Partiu-se das Canárias de Tenerife e foi demandar o Cabo-Verde, d'onde atravessou á costa do Brasil, e foi entrar n'um rio que se chama Janeiro… E d'aqui foram navegando até chegarem ao cabo de Santa Maria, que João de Lisboa descobrira no anno de 1514, e d'aqui foram ao rio de S. Julião, onde estando tomando agua e lenha João de Cartagena, que era sota capitão-mór, se concertou com os outros capitães que se levantassem, dizendo que o Magalhães os levava enganados e vendidos. E porque elles entendiam que o Gaspar de Quesada era amigo do Magalhães, o João de Cartagena se metteu no seu batel, de noite, com vinte homens e se foi á nau de Gaspar Quesada e entrou a falar com elle, e o prendeu, e fez capitão da nau um seu parente, para logo todos três irem abalroar o Magalhães e o matarem. E logo renderiam a outra nau de João Serrano e tomariam o dinheiro e fazenda, que esconderiam, e se tornariam ao imperador, e lhe diriam que o Magalhães os levava vendidos e enganados, fazendo traição a seus regimentos, porque ia navegando pelos mares e terras d'el-rei de Portugal: do qual feito primeiro haveriam seguro do imperador. Com que se ordenaram na traição, que lhe saiu mal.

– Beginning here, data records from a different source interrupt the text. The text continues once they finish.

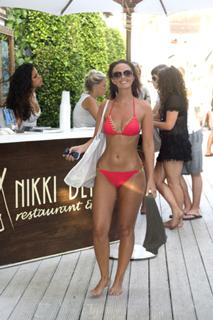 Jennifer Metcalfe feet photo thumbnail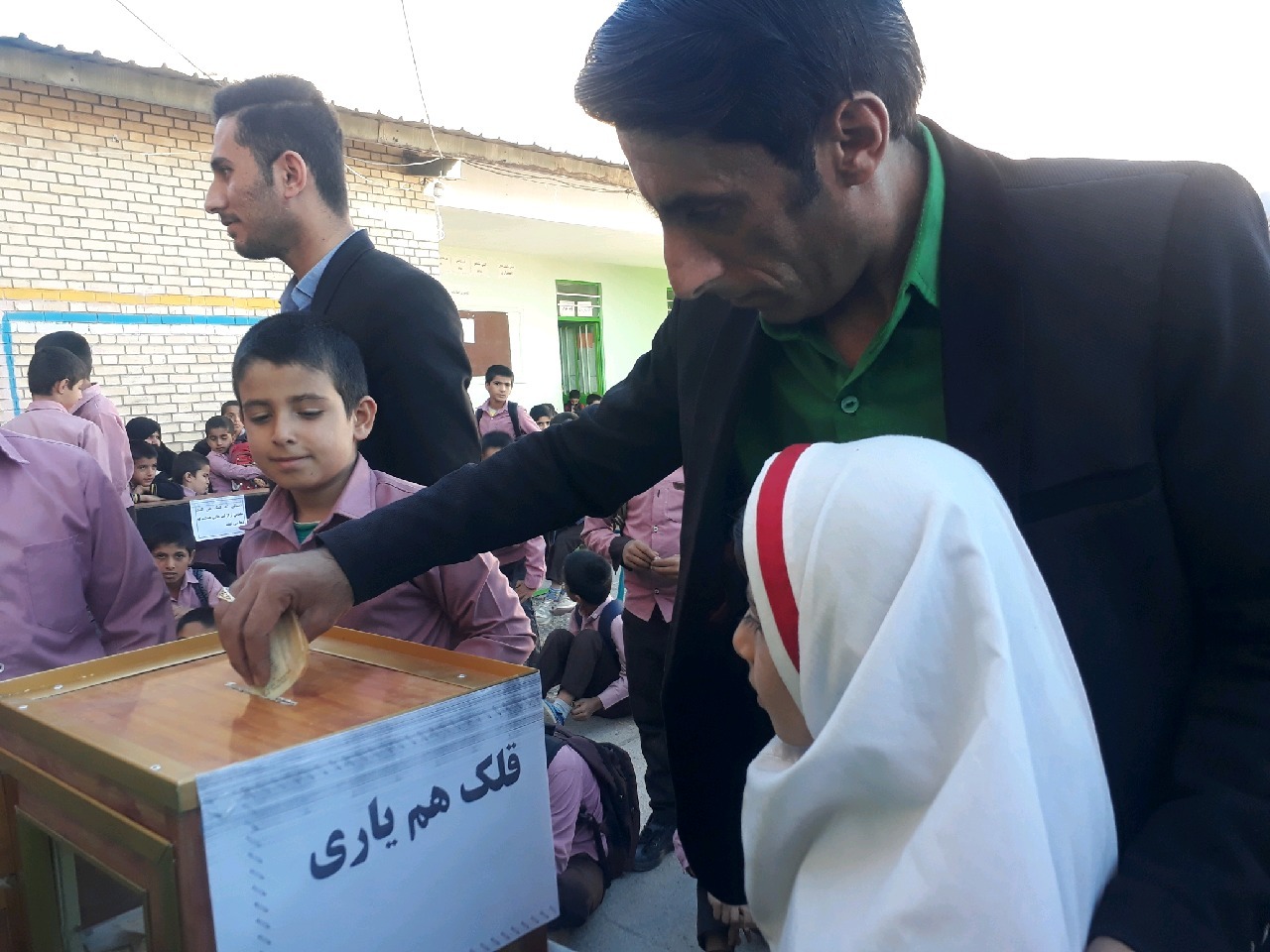 قلک همیاری طرحی برای تمرین نوعدوستی در یکی از مدارس لنده/ نعمت پور؛ باید در راه تربیت دانشآموزان عشق، همدلی، ادب و معرفت آموزش داده شود+تصاویر قلک همیاری طرحی برای تمرین نوعدوستی در یکی از مدارس لنده/ نعمت پور؛ باید در راه تربیت دانشآموزان عشق، همدلی، ادب و معرفت آموزش داده شود+تصاویر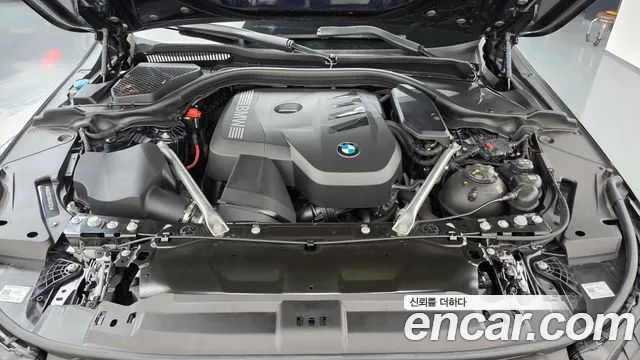 BMW 5 Series G60 — Фото автомобиля 9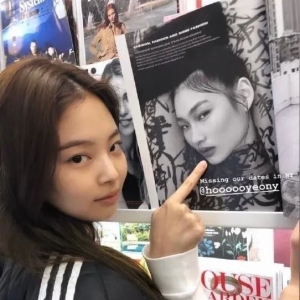 Jennie真的有"社牛症"？The Weeknd 、海狸竟都是她的隐藏好友？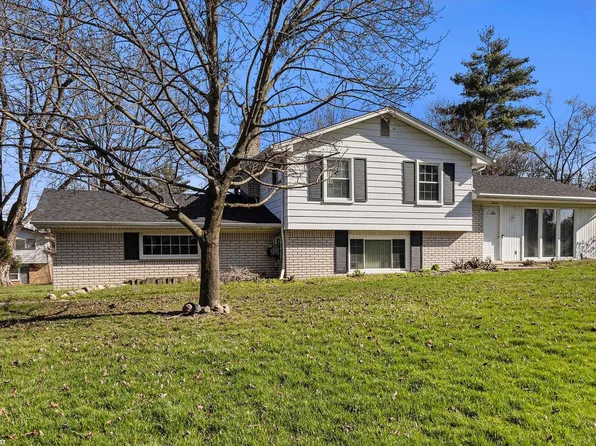 34210 Banbury St, Farmington, MI 48331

Usou Fernão de Magalhães de extrema severidade para com os capitães, que se haviam alevantado contra elle e andavam apostados para o matar. Foi summarissimo o processo, com que os sentenciou a pena capital, porque nem houve sequer allegação, antes sem que n'isso cuidassem, nem houvesse tempo para prevenções, os salteou em seus navios e fez n'elles justiça cruelissima. Porque a Luiz de Mendonça o colheu á traição, e em sua mesma caravella o degolou com uma adaga (segundo conta Gaspar Corrêa), o meirinho Ambrósio Fernandes, com quem se concertara para este effeito o capitão-mór. E chegando Magalhães á nau de Luiz de Mendonça, com a gente armada e artilheria prestes, elegeu para capitão a Duarte Barbosa, homem portuguez seu amigo, e mandou enforcar nas vergas seis homens, que se alevantaram contra o meirinho, e pendurar pelos pés o corpo de Mendonça que o vissem das outras naus. Veiu depois Fernão de Magalhães junto da caravella de João de Cartagena, e por ardil de que usou para evitar um recontro, onde poderia derramar-se muito sangue, entrou na embarcação e ao Cartagena prendeu e mandou esquartejar com pregão de traidor; e elegeu por capitão a Álvaro de Mesquita, que o rebelde castelhano tinha preso em ferros, porque o reprehendeu do alevantamento que fazia.

É muito para acreditar que os hespanhoes, de que pela maior parte se compunha a tripulação, tivessem ojeriza ao capitão-mór, porque sendo portuguez, posto que homem principal e promotor da expedição, recebera o governo d'aquella empresa. O que já succedêra com o genovez Colombo, agora com maior rigor e desacato á autoridade de que ia revestido, o intentaram os rebeldes capitães contra Fernão de Magalhães. Já muito de antemão iam os castelhanos apparelhados para a desobediência e rebellião, como claramente o patenteavam as cartas recebidas pelo Magalhães em Tenerife. Não era apenas a vida que o ilustre portuguez havia de perder, se chegasse a vingar a sedição dos hespanhoes. Era a própria empresa em que se empenhava, e a gloria que já sonhara para si, e os loiros immortaes de ousado aventureiro e de feliz descobridor. Dissimular a conjuração e esperal-a resoluto, era dar a victoria segura aos inimigos. Reprehender nos sediciosos o mau feito que intentavam, e oppor o prestigio moral da autoridade á força material dos conspiradores, era arriscar-se a ver desacatada a auctoridade de sua pessoa, e entregar, com resignação de bom christão, mas com imprevidência de mau soldado, a cabeça ao ferro dos conjurados, e a idéa ao desamor e desamparo de quem tinha delineado trocar a gloria própria, e o serviço do imperador, por alguns punhados de oiro, com que se volveria á pátria». In Latino Coelho, Fernão de Magalhães. Escritos Literários e Políticos. Coligidos e publicados sob a direcção de Arlindo Varela, Editores Santos & Vieira, Empresa Literária Fluminense, Imprensa Portuguesa, Lisboa, 1917.